Infinite City uses play as a way to get people to think about how cities grow, and how they are shaped not just by long-term or visionary planning but also by expedient decisions, and the sheer accumulated weight of time.
Each element is built from between 1 and 7 hexagons, and can be rotated in three ways and assembled with the other elements to create an infinite number of imaginary city plans. Compromise inevitably shapes the end result, but unexpected moments of delight also emerge.
The idea for Infinite City came out of an earlier personal project - an attempt to update Frank Lloyd Wright's Broadacre City model of 1935 to reflect how aspects of Wright's vision have in the subsequent century been realised in the sprawl of the 21st Century city, but in a messy, conflicted, and sometimes vital manner. Thus have the utopian visions of Architects working during that period of intense technological optimism (and their expectation of godlike control.....) been brought down to earth through exposure to reality.
The city map feels like a timely means to explore these ideas, as the god's-eye view has in recent years come to play an ever greater role in all our lives, as we increasingly navigate through our environment via map apps on our phones rather than by using landmarks and developing an ability to 'read' the city.
A single still image seemed inadequate as a way to convey the conflicting forces at work in the contemporary city, however, so instead I hit upon the idea of a jigsaw that has no single correct solution, and that is always in flux.
I may in future produce expansion packs for the broader sprawl around the city core - exurbs, airports, strip malls etc., all using the same system to create even more possibilities.
Infinite City
-
This image shows one potential configuration of Infinite City, created using a limitless number of each element type. It was produced to test the potential of the design concept to create something halfway between a city map and an abstract composition.
-
The prototype for an Infinite City Interactive Jigsaw comprises one of each element type.
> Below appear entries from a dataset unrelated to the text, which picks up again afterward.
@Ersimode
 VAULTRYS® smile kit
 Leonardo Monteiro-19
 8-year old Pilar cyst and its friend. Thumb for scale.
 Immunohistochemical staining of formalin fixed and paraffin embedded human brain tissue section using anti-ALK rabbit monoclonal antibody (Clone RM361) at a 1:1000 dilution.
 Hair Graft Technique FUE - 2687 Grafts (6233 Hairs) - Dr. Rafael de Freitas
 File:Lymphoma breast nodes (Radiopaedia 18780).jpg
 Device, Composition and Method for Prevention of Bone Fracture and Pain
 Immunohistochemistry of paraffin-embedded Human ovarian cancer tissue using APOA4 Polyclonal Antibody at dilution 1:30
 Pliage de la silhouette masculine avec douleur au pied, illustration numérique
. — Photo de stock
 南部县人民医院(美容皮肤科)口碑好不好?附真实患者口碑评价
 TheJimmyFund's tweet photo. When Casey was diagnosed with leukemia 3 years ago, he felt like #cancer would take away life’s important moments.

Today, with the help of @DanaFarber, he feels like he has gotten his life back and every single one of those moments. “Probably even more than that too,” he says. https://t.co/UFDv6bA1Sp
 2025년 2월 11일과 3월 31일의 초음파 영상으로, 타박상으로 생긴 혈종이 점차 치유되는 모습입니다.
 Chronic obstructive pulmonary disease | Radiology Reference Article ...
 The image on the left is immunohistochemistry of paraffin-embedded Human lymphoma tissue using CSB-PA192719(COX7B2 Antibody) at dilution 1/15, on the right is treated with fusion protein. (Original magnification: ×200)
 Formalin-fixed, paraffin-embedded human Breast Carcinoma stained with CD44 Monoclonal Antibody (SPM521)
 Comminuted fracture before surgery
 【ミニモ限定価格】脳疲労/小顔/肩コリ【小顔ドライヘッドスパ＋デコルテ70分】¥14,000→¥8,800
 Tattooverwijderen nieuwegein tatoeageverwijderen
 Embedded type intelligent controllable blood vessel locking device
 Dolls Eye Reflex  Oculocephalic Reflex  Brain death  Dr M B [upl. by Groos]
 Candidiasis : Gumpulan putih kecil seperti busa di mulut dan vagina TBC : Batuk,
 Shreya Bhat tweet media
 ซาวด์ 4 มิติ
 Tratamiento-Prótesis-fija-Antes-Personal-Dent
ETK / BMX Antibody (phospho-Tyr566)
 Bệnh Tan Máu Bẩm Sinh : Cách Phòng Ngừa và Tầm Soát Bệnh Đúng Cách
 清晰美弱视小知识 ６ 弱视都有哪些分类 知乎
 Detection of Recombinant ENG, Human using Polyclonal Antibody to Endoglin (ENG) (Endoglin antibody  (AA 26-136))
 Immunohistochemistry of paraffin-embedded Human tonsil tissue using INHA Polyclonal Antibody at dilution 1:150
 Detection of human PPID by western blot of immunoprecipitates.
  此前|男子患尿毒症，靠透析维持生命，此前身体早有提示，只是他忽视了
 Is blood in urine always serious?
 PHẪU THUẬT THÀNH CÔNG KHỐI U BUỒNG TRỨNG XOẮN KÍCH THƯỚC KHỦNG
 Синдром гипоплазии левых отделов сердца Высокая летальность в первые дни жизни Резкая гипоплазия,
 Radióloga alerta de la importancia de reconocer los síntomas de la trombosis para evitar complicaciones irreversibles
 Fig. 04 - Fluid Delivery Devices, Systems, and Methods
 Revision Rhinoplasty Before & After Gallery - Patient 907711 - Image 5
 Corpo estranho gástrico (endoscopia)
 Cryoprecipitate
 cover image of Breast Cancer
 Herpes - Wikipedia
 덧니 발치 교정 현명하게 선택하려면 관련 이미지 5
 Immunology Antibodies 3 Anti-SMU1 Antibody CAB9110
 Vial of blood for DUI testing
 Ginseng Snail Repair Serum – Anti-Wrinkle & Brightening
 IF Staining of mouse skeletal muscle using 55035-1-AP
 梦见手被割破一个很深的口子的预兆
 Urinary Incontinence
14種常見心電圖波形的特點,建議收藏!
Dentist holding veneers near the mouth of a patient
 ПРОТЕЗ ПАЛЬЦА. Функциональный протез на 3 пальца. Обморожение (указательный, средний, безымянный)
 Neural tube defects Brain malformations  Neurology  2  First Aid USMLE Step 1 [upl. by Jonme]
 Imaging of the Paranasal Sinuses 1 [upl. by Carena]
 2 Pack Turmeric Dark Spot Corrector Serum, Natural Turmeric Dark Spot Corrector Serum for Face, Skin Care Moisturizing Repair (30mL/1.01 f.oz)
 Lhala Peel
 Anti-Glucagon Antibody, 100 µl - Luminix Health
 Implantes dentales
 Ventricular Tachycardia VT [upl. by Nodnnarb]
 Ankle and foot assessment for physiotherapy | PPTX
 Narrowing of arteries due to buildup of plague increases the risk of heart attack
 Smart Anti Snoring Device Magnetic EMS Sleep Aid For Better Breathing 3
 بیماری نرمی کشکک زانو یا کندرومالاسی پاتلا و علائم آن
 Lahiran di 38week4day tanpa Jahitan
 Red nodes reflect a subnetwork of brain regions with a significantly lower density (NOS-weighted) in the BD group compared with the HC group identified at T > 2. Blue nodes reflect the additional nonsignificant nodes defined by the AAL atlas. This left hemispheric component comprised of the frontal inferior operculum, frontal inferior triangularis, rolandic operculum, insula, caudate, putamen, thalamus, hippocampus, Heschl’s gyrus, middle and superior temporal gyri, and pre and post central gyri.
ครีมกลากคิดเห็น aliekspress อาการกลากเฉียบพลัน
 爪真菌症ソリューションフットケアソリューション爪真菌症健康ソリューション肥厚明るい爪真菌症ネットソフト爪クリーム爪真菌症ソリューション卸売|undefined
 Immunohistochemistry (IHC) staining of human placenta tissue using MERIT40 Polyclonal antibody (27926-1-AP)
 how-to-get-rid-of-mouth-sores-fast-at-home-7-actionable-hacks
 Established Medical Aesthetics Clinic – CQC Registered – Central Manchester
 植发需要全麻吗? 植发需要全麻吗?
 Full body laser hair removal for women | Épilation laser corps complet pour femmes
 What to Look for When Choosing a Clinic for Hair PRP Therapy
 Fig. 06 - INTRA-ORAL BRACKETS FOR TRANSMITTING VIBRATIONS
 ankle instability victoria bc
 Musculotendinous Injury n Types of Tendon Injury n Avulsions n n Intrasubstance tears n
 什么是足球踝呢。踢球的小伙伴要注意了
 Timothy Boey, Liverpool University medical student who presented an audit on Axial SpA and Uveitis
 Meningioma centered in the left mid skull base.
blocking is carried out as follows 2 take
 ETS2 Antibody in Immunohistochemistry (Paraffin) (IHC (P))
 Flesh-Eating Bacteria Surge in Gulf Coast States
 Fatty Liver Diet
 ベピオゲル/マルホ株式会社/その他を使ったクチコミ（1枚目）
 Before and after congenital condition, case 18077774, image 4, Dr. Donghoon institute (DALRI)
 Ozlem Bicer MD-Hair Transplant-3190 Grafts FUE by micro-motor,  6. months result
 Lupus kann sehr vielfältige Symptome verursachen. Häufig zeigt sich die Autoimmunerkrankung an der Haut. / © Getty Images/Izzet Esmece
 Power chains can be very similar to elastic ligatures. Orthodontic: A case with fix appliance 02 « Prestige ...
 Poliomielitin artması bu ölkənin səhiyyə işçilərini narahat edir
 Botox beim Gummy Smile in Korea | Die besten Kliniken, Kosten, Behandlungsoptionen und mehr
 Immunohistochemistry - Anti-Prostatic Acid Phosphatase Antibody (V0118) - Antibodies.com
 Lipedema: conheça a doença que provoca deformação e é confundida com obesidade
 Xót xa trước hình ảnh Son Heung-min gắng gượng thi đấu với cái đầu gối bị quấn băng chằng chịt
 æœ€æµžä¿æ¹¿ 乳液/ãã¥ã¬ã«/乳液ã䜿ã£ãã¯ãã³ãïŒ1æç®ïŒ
The number and size of the elements has been determined to enable them to neatly stack, seven hexagons to a layer, 14 layers high when not in use (this neatness brings me great joy...).
The hexagonal unit/triangular grid was selected as it means the rotation of tiles is non-orthogonal, which complicates attempts to impose order on the growing jigsaw city.
The jigsaw could serve any one of several purposes: educational toy, interactive artwork, or even as place mats and coasters for an urbanistically-themed dinner party.
And it's a lot of fun!
Below: how it works…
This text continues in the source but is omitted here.